The complaint, insofar as material and necessary to recite here, made the allegations which follow. The Board of Tax Assessors of Clarke County made all assessment against appellant's property for state and county taxes; that pursuant to Code Ann. 92-6912 the appellant designated Edgar K. Fowler as his arbitrator and requested arbitration; that the Board of Tax Equalizers, hereinafter referred to as the Board, declined to accept Mr. Fowler and asked that the appellant name another arbitrator. The Board's objection was in substance that Mr. Fowler then had a pending arbitration of his own property before the Board, and had thereby expressed an opinion and therefore could not be fair and impartial, particularly where the properties were of a similar nature and where the appellant and Mr. Fowler had asked that each be the arbitrator for the other.
The complaint also alleged that the Board's chairman stated that it would not proceed with arbitration and was willing for a mandamus action to be brought to determine the competence of Mr.

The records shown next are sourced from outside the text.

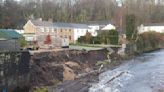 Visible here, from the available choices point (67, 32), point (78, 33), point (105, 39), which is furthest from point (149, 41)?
point (67, 32)

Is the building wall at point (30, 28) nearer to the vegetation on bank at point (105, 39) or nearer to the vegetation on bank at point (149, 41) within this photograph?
the vegetation on bank at point (105, 39)

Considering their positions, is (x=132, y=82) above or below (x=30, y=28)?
below

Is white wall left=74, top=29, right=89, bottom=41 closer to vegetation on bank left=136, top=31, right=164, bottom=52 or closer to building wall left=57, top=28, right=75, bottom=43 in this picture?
building wall left=57, top=28, right=75, bottom=43

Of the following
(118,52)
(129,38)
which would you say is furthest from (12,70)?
(129,38)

Fowler as an arbitrator; that there is no reason why Mr. Fowler could not serve and nothing to indicate that he would not be entirely fair and impartial; that the Board has an official duty to proceed with arbitration as required by law and to name its arbitrator so that the two can name a third to determine the true value of the property for tax purposes.

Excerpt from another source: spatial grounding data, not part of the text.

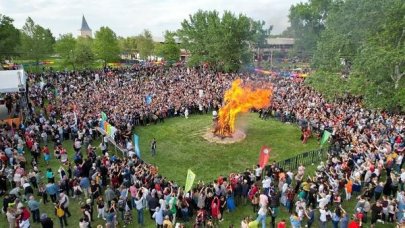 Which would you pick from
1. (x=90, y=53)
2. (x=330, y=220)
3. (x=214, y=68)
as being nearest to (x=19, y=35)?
(x=90, y=53)

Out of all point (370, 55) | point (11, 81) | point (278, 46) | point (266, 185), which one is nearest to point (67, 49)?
point (11, 81)

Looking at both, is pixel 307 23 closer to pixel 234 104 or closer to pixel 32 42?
pixel 32 42

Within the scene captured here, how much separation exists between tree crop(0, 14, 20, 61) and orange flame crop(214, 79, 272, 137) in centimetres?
4083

To the complaint the Board filed an answer denying all essential allegations.
The parties stipulated for the case to be tried on the pleadings and exhibits. Their stipulation also recited Mr. Fowler's own arbitration matter, stating that he had demanded arbitration approximately two months previously and that pursuant thereto the arbitrators reduced his valuation about one month prior to the filing of this suit. It thus appeared that Mr. Fowler's arbitration matter was pending when the appellant designated him to serve, but that it had been concluded when this suit was filed.
Upon the trial of the case the judge entered an order which provided, in material part, "that on account of his having had a pending arbitration against the [Board], the arbitrator named by the plaintiff . . . is disqualified to act as arbitrator; and the mandamus is denied."
1. We have concluded that the trial court erred in holding that the arbitrator named here was disqualified.
He was not ineligible because of any provision in Code Ann. 92-6912 which establishes the procedure for arbitration of tax valuations. The only qualification there is that the arbitrator be a "freeholder of the county." There is no contention that he did not meet that requirement.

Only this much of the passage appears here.